Emmanuel Razavi : Ils étaient jeunes, même les officiers, qui étaient par ailleurs très aguerris. On les a balancés dans une région extrêmement complexe, avec une vision occidentale de l’occupation d’un pays. Sauf que ce n’est pas l’Occident. Il fallait composer avec différentes ethnies qui n’avaient pas les mêmes intérêts, cela ils n’ont pas su le comprendre. Il fallait aussi composer avec des coutumes locales très importantes. La société afghane est très codifiée. Quand vous n’y êtes pas préparé, vous faites n’importe quoi. Les soldats faisaient aussi face à une réalité très tendue, ils étaient attaqués, harcelés même, sans arrêt, par les talibans qui n’étaient pas si nombreux à l’époque. En 2003, on disait qu’il y avait à peine 800 combattants talibans, c’est-à-dire quasiment rien, ils avaient été réduits à néant. Trois ans plus tard, on parlait d’une dizaine de milliers de combattants. Aujourd’hui, on parle de 40 à 60 000 combattants. C’est l’effet d’une mauvaise stratégie politique et d’une mauvaise stratégie militaire sur le terrain. Je ne suis pas anti-américain, c’est juste la réalité et ce que j’ai vu sur place. Leur stratégie a eu l’effet totalement inverse.
L’histoire a prouvé qu’on ne peut pas négocier avec les talibans. C’est impossible. Ils ont un objectif. Quelques soient les engagements qu’ils prennent, ils ne les respectent jamais sur la durée.
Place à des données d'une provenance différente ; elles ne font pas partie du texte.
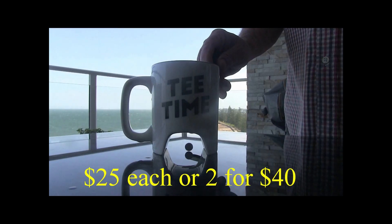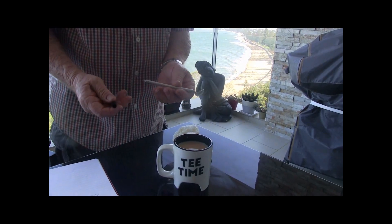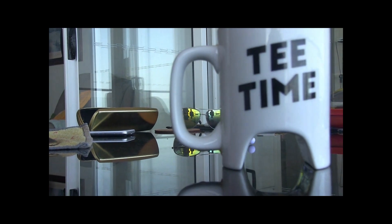Check out these golf markers — $25 each, two for 40 bucks. The putter turns into a drink stirrer and then the drink stirrer turns into a peg. What a great gift — the perfect gift for the golfer in your life.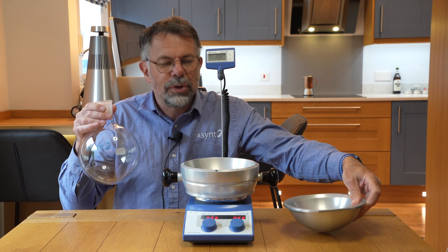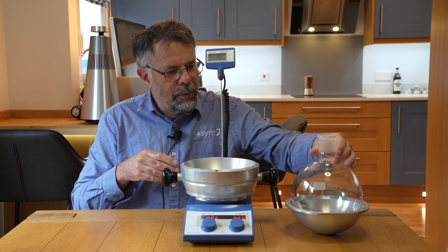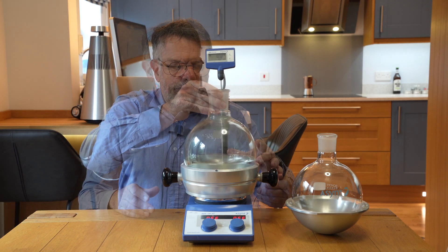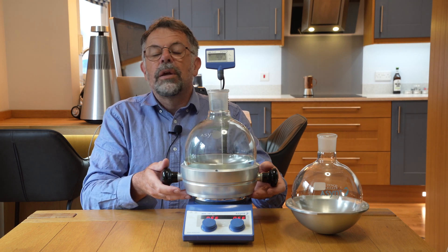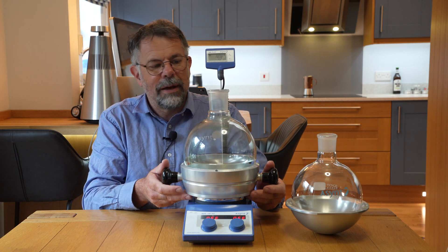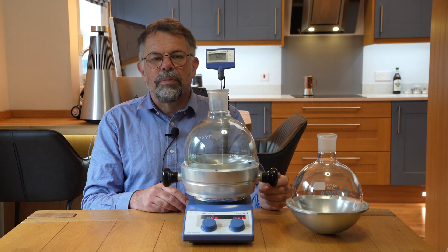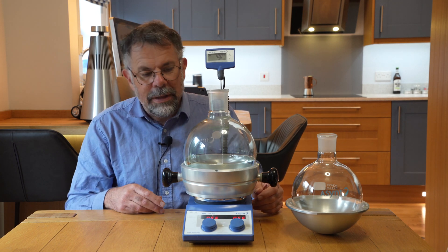We have an insert, just as you may have seen in our Drysyn Classic, which then allows the base to take a 3 litre vessel, which I have one prepared here. Very much the same design as other Drysyn units, with the ability to adapt the base to fit any hot plate stirrer you have. A temperature probe pocket for you to mount a high accuracy temperature probe you may have with your hot plate stirrer, and good strong magnetic stirring.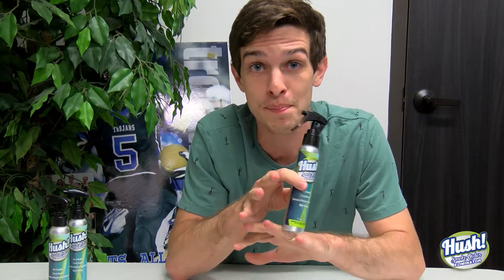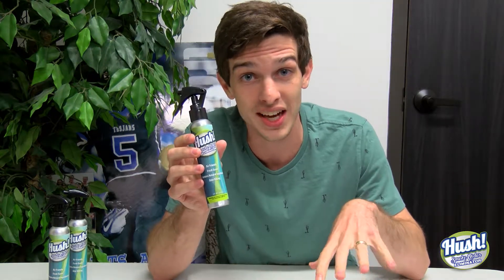Hush Smoke Odor Eliminator is the best way to remove any kind of smoke, whether that's tobacco smoke or funky smoke smells, you know what I mean, or any kind of smokiness. This is what you need. And I don't just mean get rid of, like kind of stuff it down, but I mean like eliminate it, like assassinate smoke.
Emmanuel Razavi, grand reporter, directeur de la rédaction de "Fild"
TV5MONDE : L’armée afghane peut-elle faire face seule aux Talibans ?
Emmanuel Razavi : Cette armée dispose de très bons combattants, mais c’est une armée indisciplinée, elle-même complètement gangrenée par la corruption, par les désertions aussi. Des soldats de l’armée ont parfois rejoint les talibans, pour de l’argent. Les chefs de guerre les payaient mieux. C’est une armée composée environ de 160 000 hommes. Elle n’est pas structurée pour faire face aujourd’hui aux talibans qui sont déterminés et qui défendent une cause : les talibans contrôlent un tiers du territoire afghan. Ils n’attendent qu’une chose, c’est récupérer Kaboul. Ils ont perdu Kaboul en 2001. J’ai vécu au Qatar et à Doha, juste en face de là où j’habitais se faisaient les négociations entre talibans et diplomates américains… L’histoire a prouvé qu’on ne peut pas négocier avec les talibans. C’est impossible. Ils ont un objectif. Quelques soient les engagements qu’ils prennent, ils ne les respectent jamais sur la durée. Jamais. Il y a eu une vraie naïveté. De la part de Joe Biden, dans une logique en apparence beaucoup moins guerrière, c’est un signal fort de faire revenir les troupes américaines. Mais il ne faut pas se leurrer, je pense qu’il sait que c’est un conflit perdu.
TV5MONDE : Personne ne va rester sur place ?
Emmanuel Razavi : Il y a bien des sociétés militaires privées en Afghanistan. Ces forces militaires non conventionnelles sont américaines ou anglaises pour la plupart. Ces effectifs ne sont jamais comptabilisés. En 2006 et 2007, les marchés de l’Afghanistan et de l’Irak confondus représentaient pour une dizaine de sociétés de « contractors », donc de mercenaires, cent milliards de dollars. C’est un énorme business.
TV5MONDE : Quel était le métier des sociétés militaires privées ?
Emmanuel Razavi : Sécuriser les lieux sensibles. Vous aviez par exemple les ambassades, mais aussi la protection de certaines bases, de certains camps et points stratégiques. Nous parlions tout à l’heure de la traque de chefs talibans : des éléments de ces sociétés militaires privées ont aussi participé à ces traques. Ils étaient sous l’uniforme américain mais ils n’étaient pas soldats américains. Tous ces gens là ont-ils abandonné la poule aux oeufs d’or ? Je ne sais pas. Mais c’est un énorme business et en général, on n’abandonne pas un business comme celui-là.